OVERBOOKED: “A Room of One’s Own”
February 18, 2015
When I was a pretentious high school senior, my favorite author was Virginia Woolf. Her experimental, abstruse novel “The Waves” absolutely blew my mind — I had never read anything half as ambitious or beautiful or confusing. I read the first half of “Mrs. Dalloway” about five times (mostly because I would read it halfway through and then get bored, and then the next time I picked up the book would have to start over from the beginning.) I loved “The Hours,” a novel by Michael Cunningham that was inspired by “Mrs. Dalloway,” and I watched the movie multiple times. Virginia Woolf was an insane, genius-level demigoddess to me, and that’s pretty much how I talked about her all the time.
There are so many things for young women to love about Virginia Woolf: Her strange, gorgeous writing! Her attention to detail! Her amazing name! Her illustrious life! For my younger self, Virginia Woolf was the more established, intellectual, expressive version of Sylvia Plath, a more fully realized portrait of a tragic artist. She was, in common parlance, my “Number One Bae.”
Of course, then I went to college and stopped reading Woolf. When I was home one break though, I was at Half Price Books and noticed a copy of her landmark, feminist extended essay “A Room of One’s Own” for only $1. It’s one of those books that all women should read, and since I 1) didn’t own it and 2) am easily swayed by the dollar section of any store, I bought it and left it on my shelf for a year. This week, it only took me two hours to read front to back, spread across an empty night and a hungover morning.
In the essay, Woolf argues that “a woman must have money and a room of her own if she is to write fiction.” That is, women must have a stable income and private space in order to express themselves at the highest level creatively. I don’t want to go into the book’s content too much, which I realize might be contrary to what you expect out of this column. You know, this column about books.

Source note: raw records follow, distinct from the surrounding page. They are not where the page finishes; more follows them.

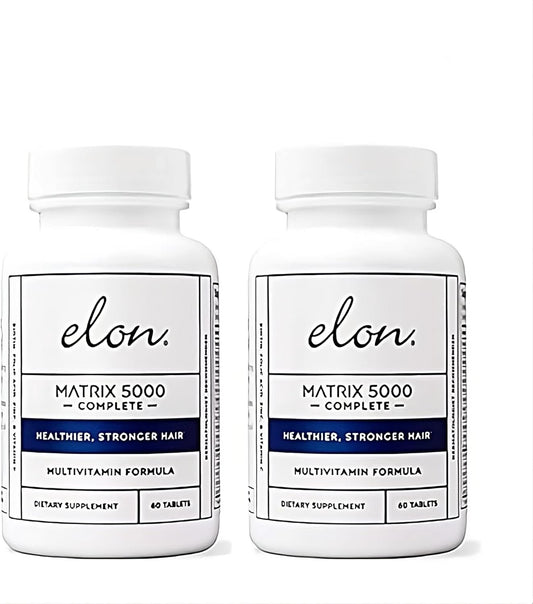 Elon Matrix 5000 Multivitamin for Skin, Hair, and Nail Growth - Biotin Supplement for Healthy Hair Growth - Pack of 2 (120 Days)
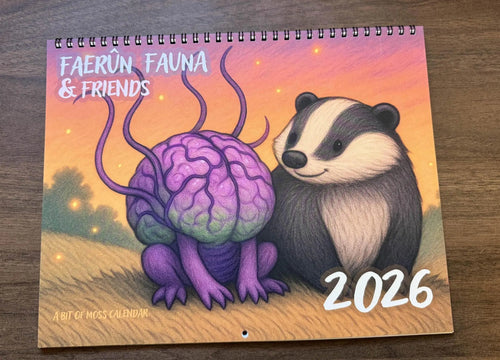 2026 Fantasy Creature Wall Calendar | Cozy D&D Inspired Faerûn Art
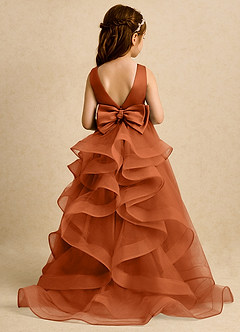 Azazie Lior Flower Girl Dresses Burnt Orange Ball-Gown Pleated Tulle Dress image1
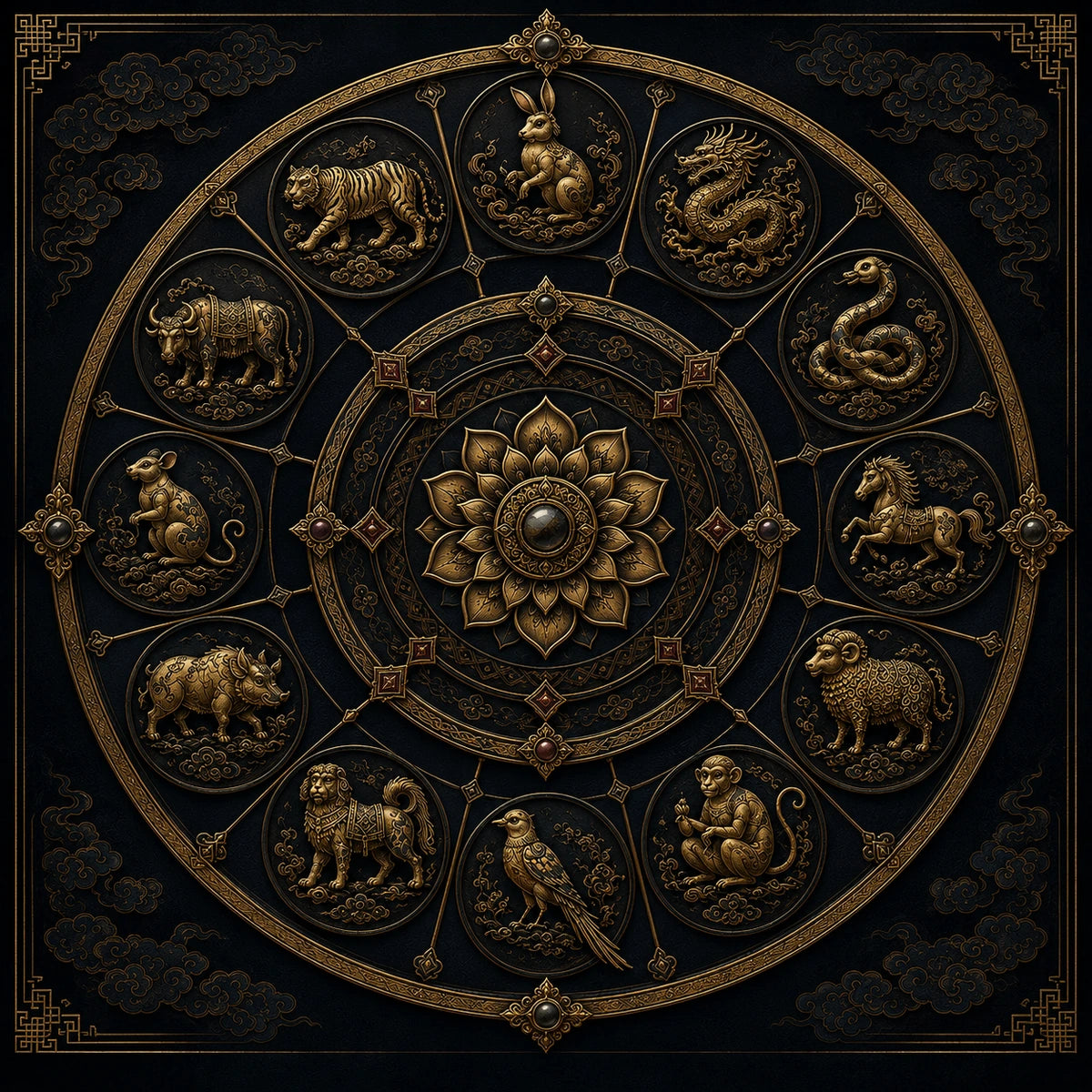 Twelve-animal Tibetan birth signature mandala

I’m not going to specifically talk about how I agree and disagree with her, and on what points, and in which cases I think third wave feminism can make much stronger arguments than the ones she makes, or how her arguments occasionally come off as elitist, or how there are some points in which I totally agreed and thought “Yes, this is exactly the thing I needed to hear right now, today, in the headspace that I’m currently floundering in.” (Do you see what I did there? Great, we can now move on.)

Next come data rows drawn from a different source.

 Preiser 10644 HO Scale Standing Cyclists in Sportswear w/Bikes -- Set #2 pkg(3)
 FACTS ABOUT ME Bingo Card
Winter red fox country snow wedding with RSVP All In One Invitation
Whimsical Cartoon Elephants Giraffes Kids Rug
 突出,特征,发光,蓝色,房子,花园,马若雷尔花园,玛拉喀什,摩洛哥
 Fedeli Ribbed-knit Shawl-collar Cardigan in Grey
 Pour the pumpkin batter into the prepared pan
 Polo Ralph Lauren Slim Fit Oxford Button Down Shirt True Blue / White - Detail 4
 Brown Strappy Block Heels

What was most important about this book for me was that, of all the political books I’ve read recently, “A Room of One’s Own” elicited the most visceral reactions from me. Of all my books, this one has the most writing and thoughts written in its margins. On one page alone, I found these notes in the margin: “umm no,” “WOW NO,” and “oh man lol “ (Woolf made a dry joke about being eaten by wild beasts. I’m a sucker for wild beast jokes.) I promise that elsewhere my notes are much more compelling and vaguely more insightful, but I think the ones I listed are good examples for how masterful Woolf’s writing is. She seamlessly moves from being coy to biting, from dry humor to absolute severity. She baits you and then punches a gut. And her writing is beautiful — no one can convince me that walking along a London street is the best thing in the world like Virginia Woolf can.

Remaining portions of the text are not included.